Why not transfer all the properties you already own into a limited company?

Transferring is not a legal option; the properties must be sold at the market value which means some or all of the following additional costs:

  1. Stamp Duty Land Tax at the higher rate will be payable on the purchase by the limited company, even it is your first property purchase by the company.
  2. Capital Gains Tax owed by you personally when you sell the property
  3. Early Repayment Charges (ERCs) if you are still tied into your existing buy to let mortgage.
  4. Finance costs incurred by the limited company when taking out a new buy to let mortgage.

It’s worth reiterating that everybody’s circumstances are unique, so do seek the advice of a qualified accountant to find out if incorporating your portfolio is the best strategy for you.

Should you make new purchases in a limited company?

Your accountant will be able to tell you if it makes sense for you to make all new purchases of buy to let property through a limited company. If it is, here are a few pointers to bear in mind.

Choice of lenders and mortgages for limited companies
There are not as many lenders in the Ltd company market as what there are in the personal mortgage market however there is still a very good selection of lenders to choose from.

Are buy to let mortgage rates higher for limited companies?
Generally – Yes! The very cheapest buy to let rates available in the market are generally not available to limited companies.

Is it complicated to set up a Limited Company?
No. It’s quick and easy and can be done online.

Can a newly established company get a buy to let mortgage?
Yes! A new company is not a problem as long as you are prepared to provide a personal guarantee for the loan.

Will the lender take a fixed and floating charge or debenture over the company?
Yes and no! Generally speaking these aren’t required on SPV limited companies but they may be if you buy the property using a trading business rather than an SPV.

Will you need to earn a minimum annual income?
Yes and no! Some lenders want to see proof of income of over £25k per annum. This can be salary, dividends, property income or combination of all of them. Different lenders will accept different income amounts and sources so all circumstances can be accommodated – usually!  New companies won’t have any trading history or income so lenders will base their underwriting against your personal income.

Will I need to be an experienced landlord to borrow via a limited company?
If you want to jump straight into the HMO market without the experience of being a landlord, your borrowing options will be restricted. The same goes for other, more complex properties like blocks of flats (often referred to a multi-unit freehold blocks), mixed used and commercial premises. Don’t get me wrong, it’s not impossible to find a lender but your application will need to be stronger in other areas to compensate.

Deposit – including directors’ loans, inter-company loans, gifted deposits, etc.
This is an area which it gets a little complicated as to what is acceptable or not but the fundamentals are, as long as you can provide evidence of the source of the funds, and they are legitimate, then lenders will be sensible. A common misconception is that you cannot raise money from one property to form the deposit for a BTL on a different property. Wrong! This is actually one of the most common ways of a raising a deposit, often against your home or on another BTL property. Evidence of the source of funds can very easily be provided, usually with bank statements showing the deposit from another lender.

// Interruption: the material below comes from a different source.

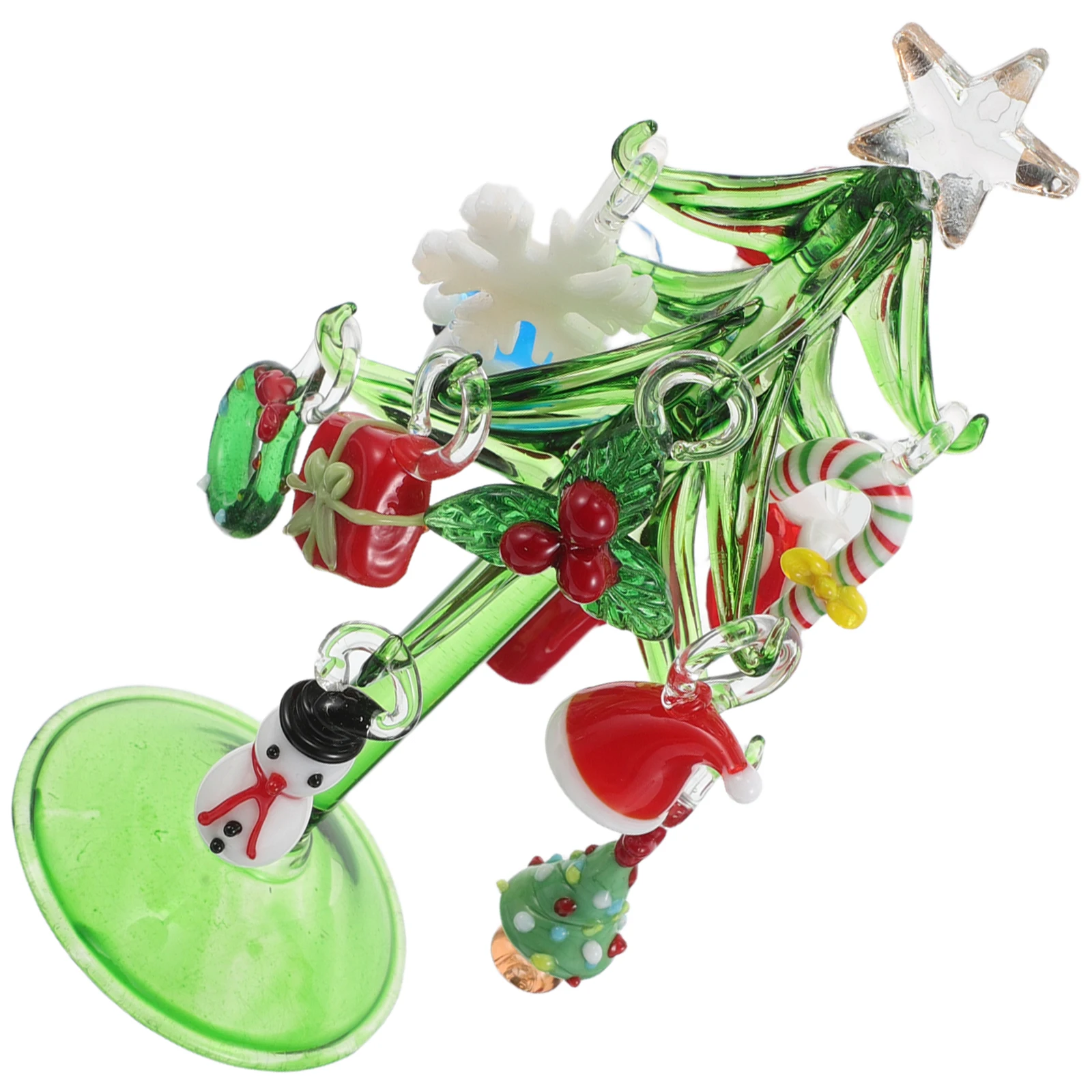 

Crystal Christmas Tree Ornament Miniature Xmas Tree Glass Christmas Tree Figurine With Snowman Santa Claus Topper Ornament Parts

Are lenders’ borrowing criteria more restricted for limited companies?

Not really but they will be inquisitive about:

  • The total number of properties you own – both personally and in a limited company structure
  • The number of directors on the application – usually there is a maximum of four
  • How many shareholders the company has – sometimes people like to add children as shareholders which some lenders don’t like

Regardless of whether you are applying personally or via a limited company, lenders will be inquisitive about your credit history, the property type, the location and the loan to value and for a limited company this will relate to all of the directors of the company – and potentially all of the shareholders as well.